Kevin shot me back an edited version and I saw red. Kevin cleaned it up but he also took away, quite inadvertently, the soul of the piece—the anger. Kevin “whitewashed” my rural voice. In that moment I felt voiceless—a stressed out, bottled up, unhealthy mess of a human.
I did the one thing I know how to do…get mad.
I sent Kevin an email telling him to print the new version which I had removed any language that might make urban folks uncomfortable about rural Oregon. Leaving a sterilized version. God forbid we upset anybodies apple cart by telling folks the truth. I told him that we needed to not do this anymore. Life was too hard right now without losing the one true thing I had…being a rural Oregonian. Kevin apologized all over the top of this. Heartfelt, sincere apologies.
I just couldn’t do it. Grant deadlines, work stress, anxiety about getting vaccines, and just the physical and spiritual misery.
I WAS WRONG!
Kevin, I apologize for being hurtful to you. I now recognize that I was taking all that “other stuff’ out on you and I was wrong. I am deeply sorry. I was out of line.

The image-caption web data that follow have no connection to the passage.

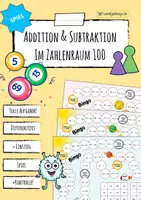 Vorschau - Arbeitsblätter - Addieren und subtrahieren im Zahlenraum 100 mit & ohne ZÜ - Spiel (Bingo) - Deckblatt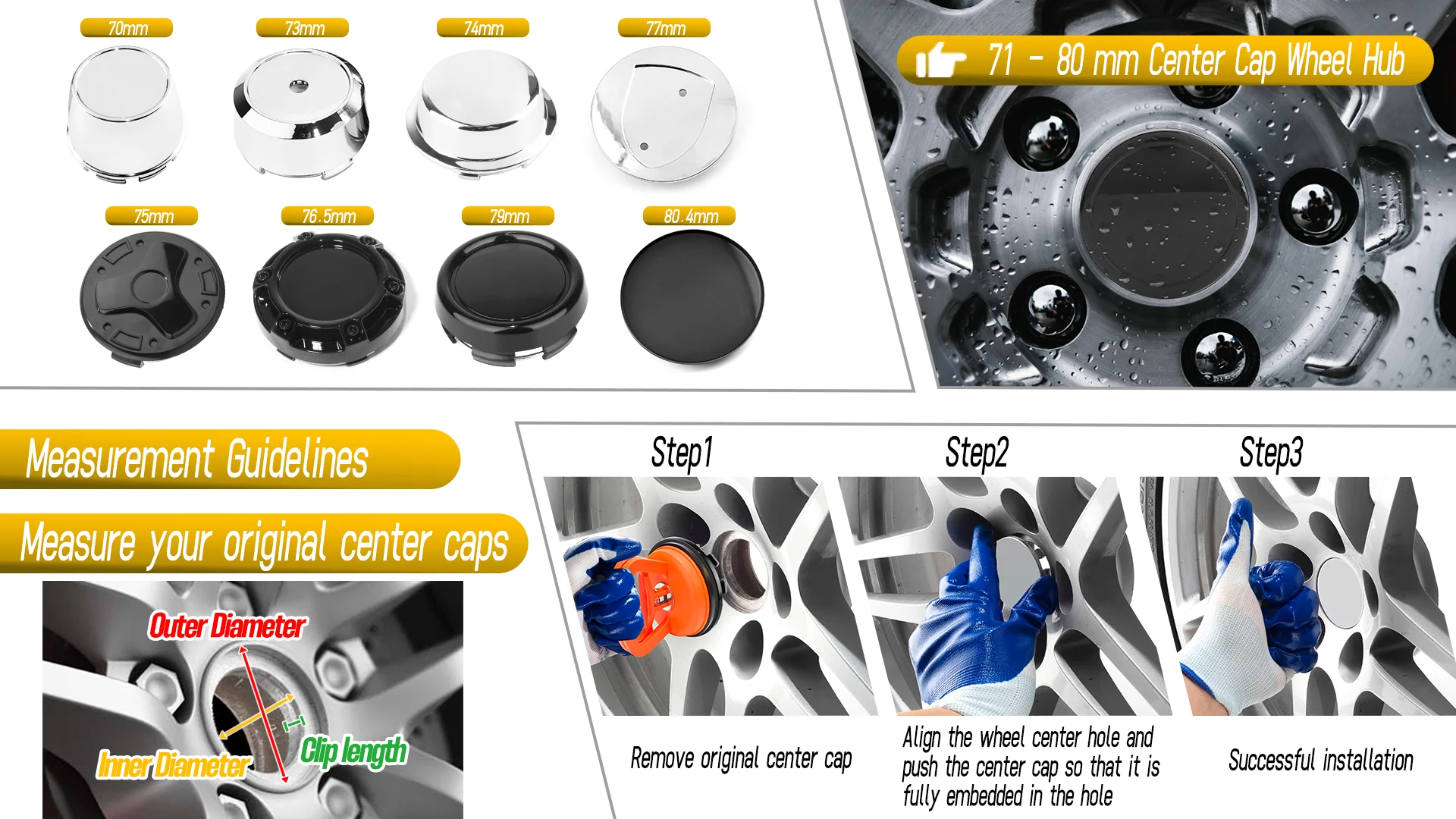 CFPerformance 2 Stück/4 Stück Außendurchmesser 74,2 mm/2,92 Zoll Innendurchmesser 68,5 mm/2,70 Zoll Radnabenkappen für universelle Auto-Ersatzteile und Zubehör – Detail 1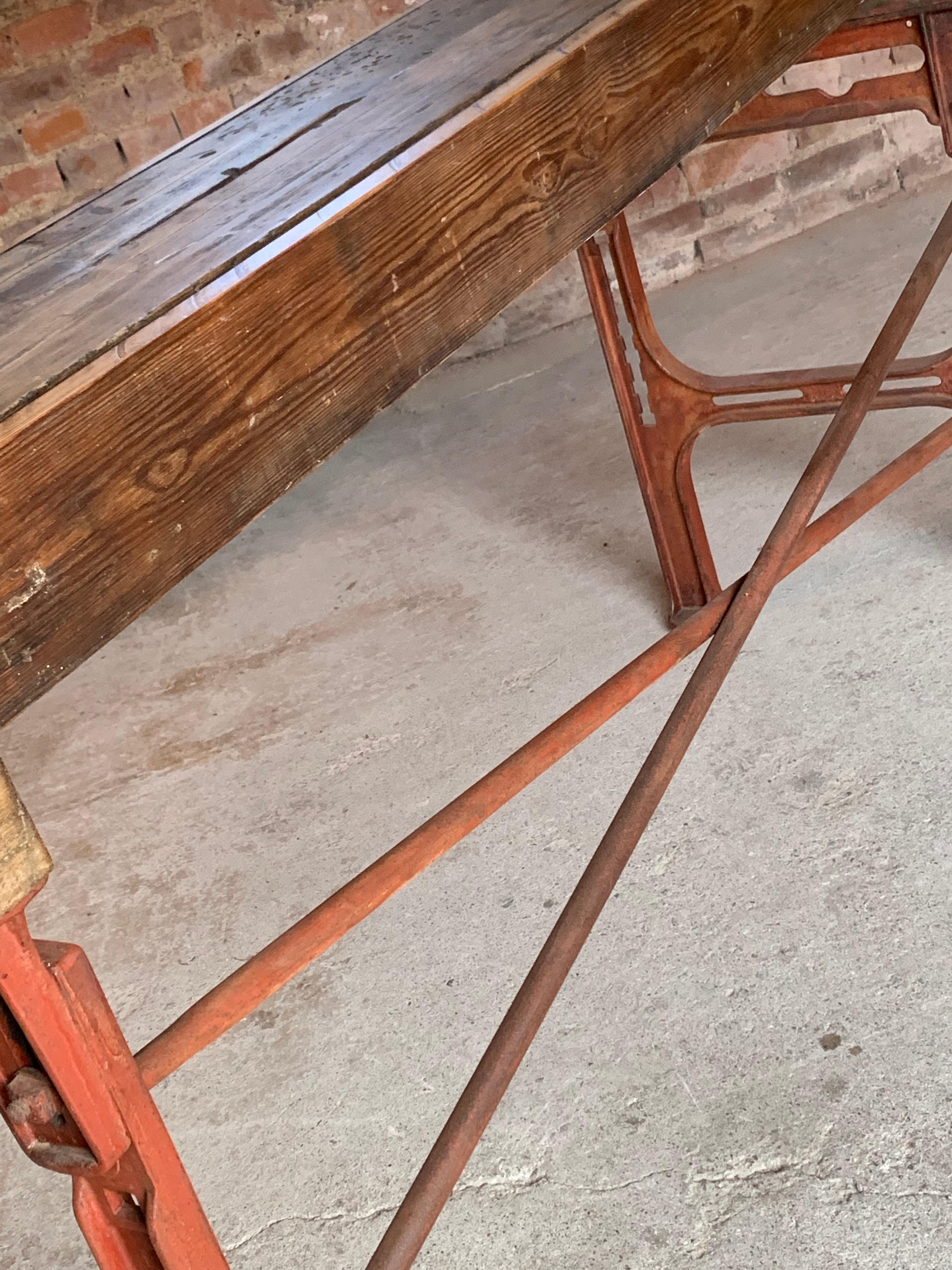 Victorian Industrial Workbench Table, circa 1868 In Distressed Condition In Longdon, Tewkesbury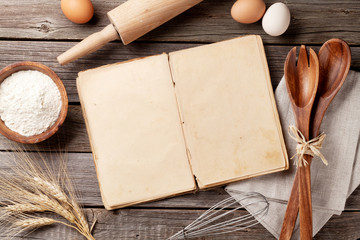 Vintage recipe book, utensils and ingredients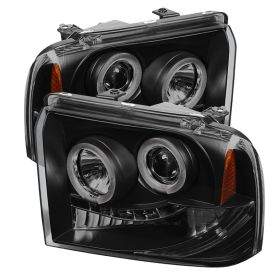 2005-2007 Ford SuperDuty F250/F350/F450 Halo Black Smoke Projector Headlights-PR
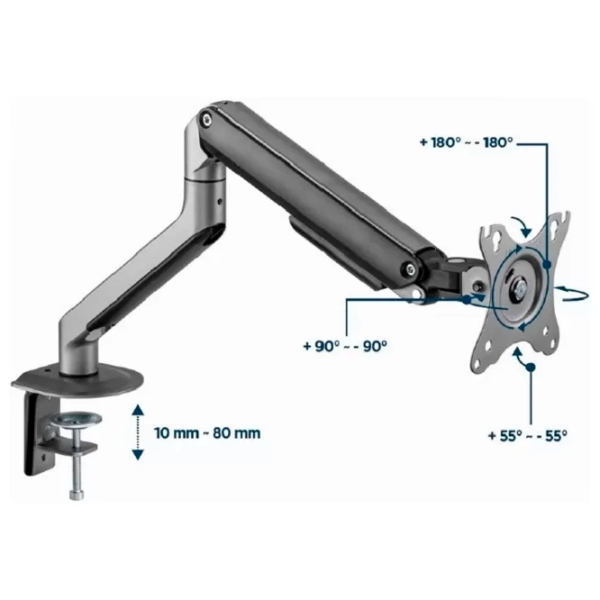 Suport pentru monitor Gembird MA-DA1-05 Gray VESA 100 x 100 mm photo 5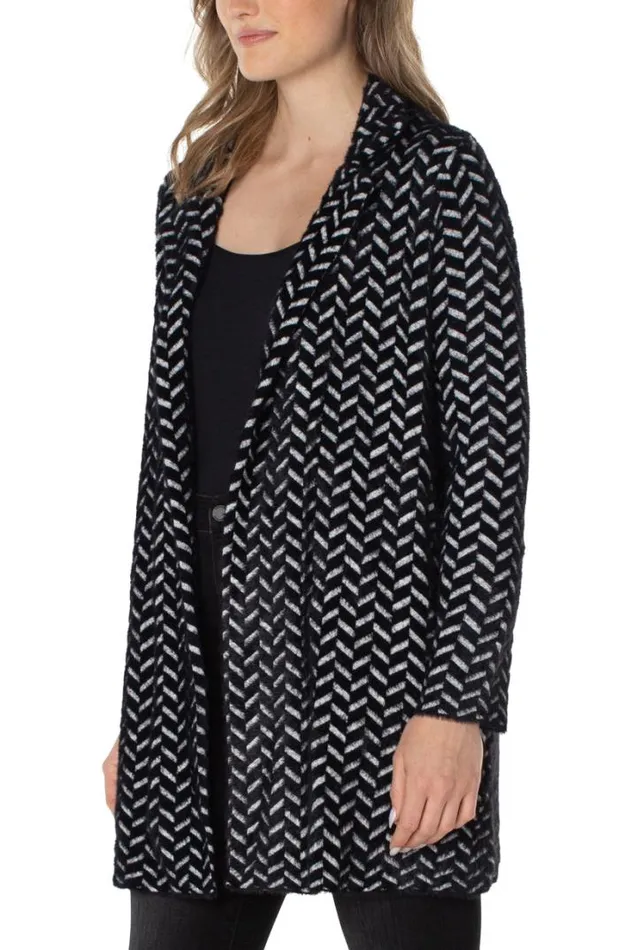 COATIGANS Women Liverpool Los Angeles OPEN FRONT COATIGAN SWEATER Black Herringbone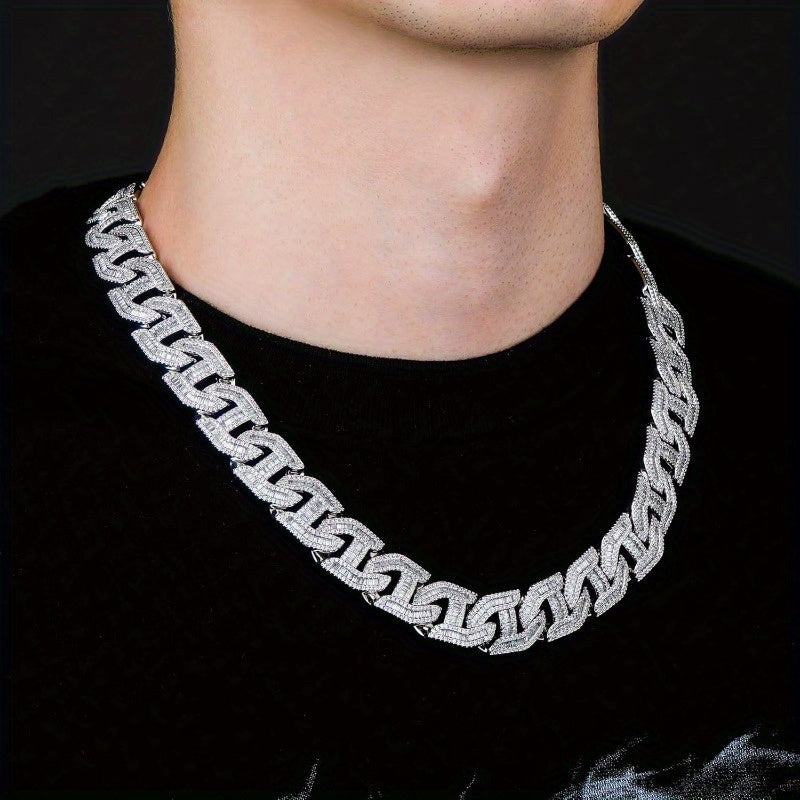 925 Silvery Cuban Chain Necklace, 16mm,
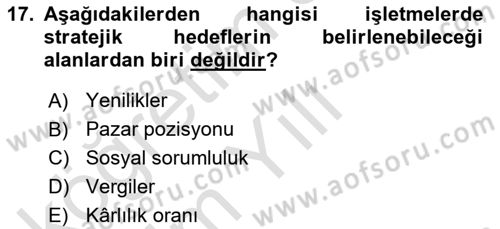 İşletme İlkeleri Dersi 2024 - 2025 Yılı Yaz Okulu Sınav Soruları 17. Soru
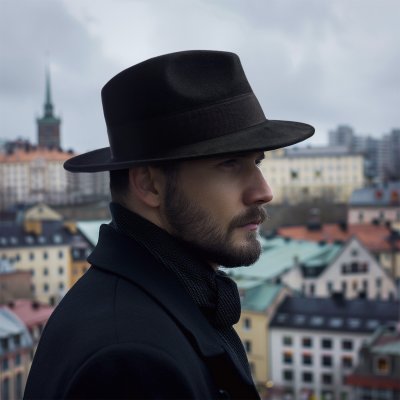 Kapelusze - Gårda Volterra Fedora Wool Hat (czarny)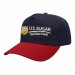 USA-made 5S Navy-Red Brushed Denim baseball cap, decorated view, manufactured in Newark NJ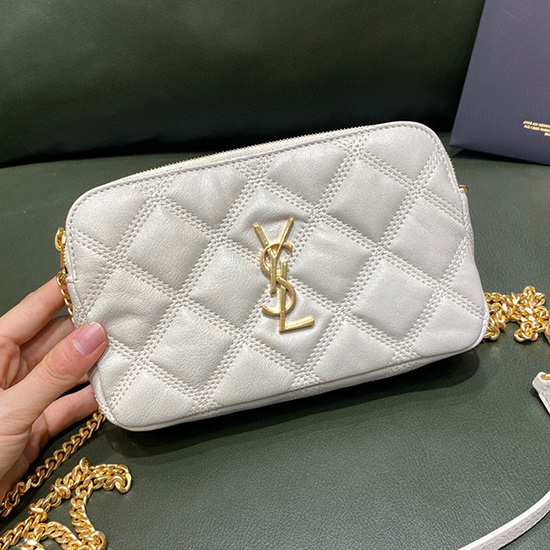 Saint Laurent Becky Double-zip Pouch White 608941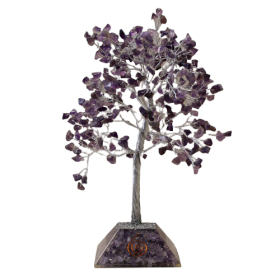 Edelsteinbaum mit Orgonitbasis- 320 Steine- Amethyst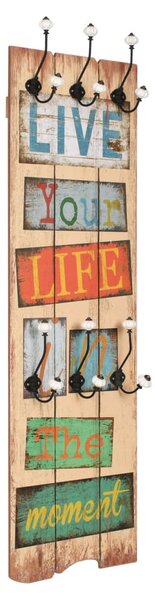 Nástěnný věšák na kabáty LIVE LIFE s 6 háčky 120 x 40 cm 245849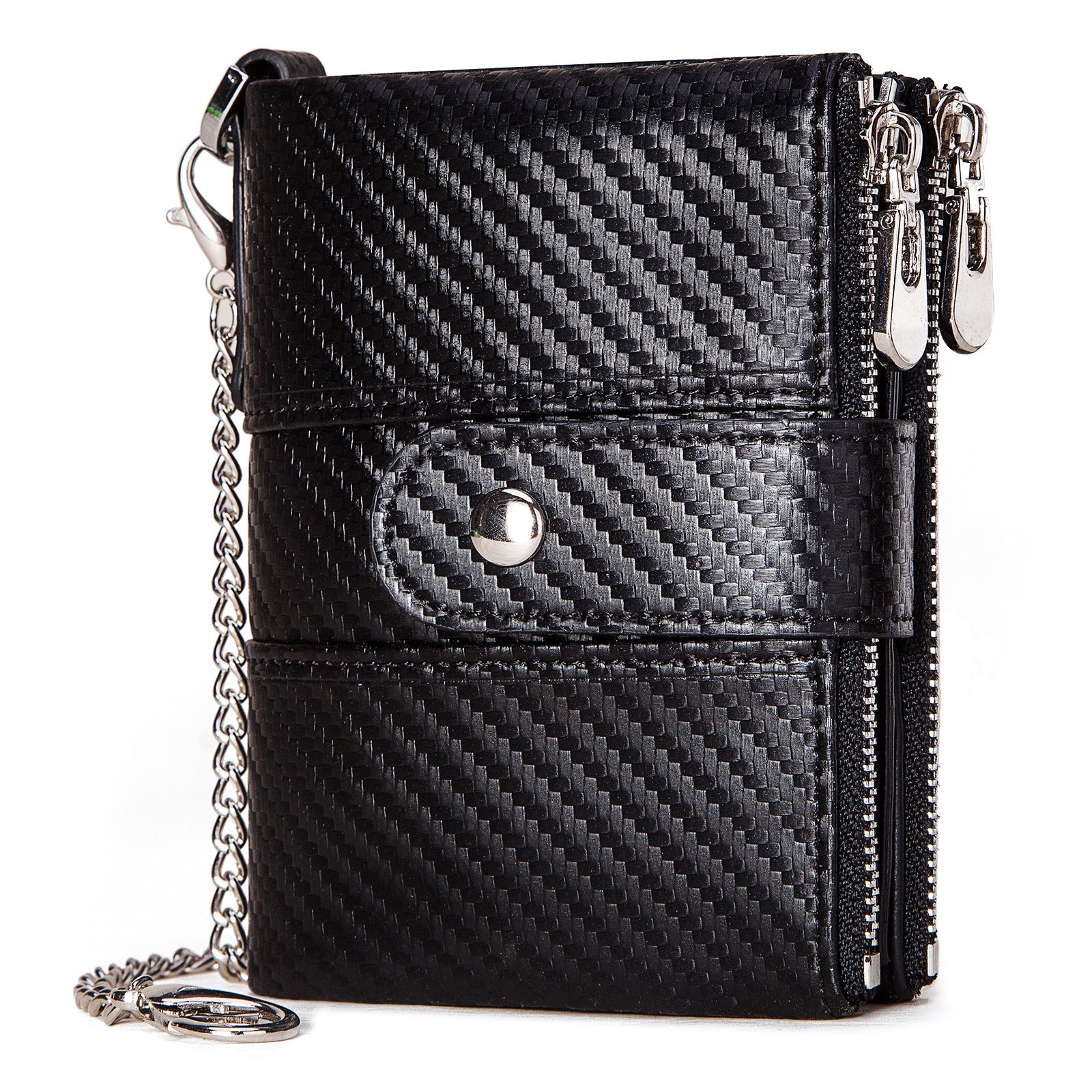 Men’s Genuine Leather Trifold Wallet with ID Window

I think we ought to be saying I am sorry more as Oregonians. There are a lot of mean-spirited words, deeds, and actions throughout everything in Oregon. Right now it just adds more pressure when none is needed. We are not our best selves right now and it shows. Take a good hard look in the mirror—did you yell at the checker or clerk? Have you been unkind or hurtful?
So for us to heal as a state and country, we need to start asking for forgiveness for unkind words and deeds. First step, recognize the times during the last year that we were rude or unkind. Second step, go apologize. Simple but meaningful. With this simple act of forgiveness we can forge a path to gratitude and healing of our communities.
Sorry, Kevin.
Editor’s Note: I’m sorry, too, Ginger. Thank you so much for this vulnerable and impactful post!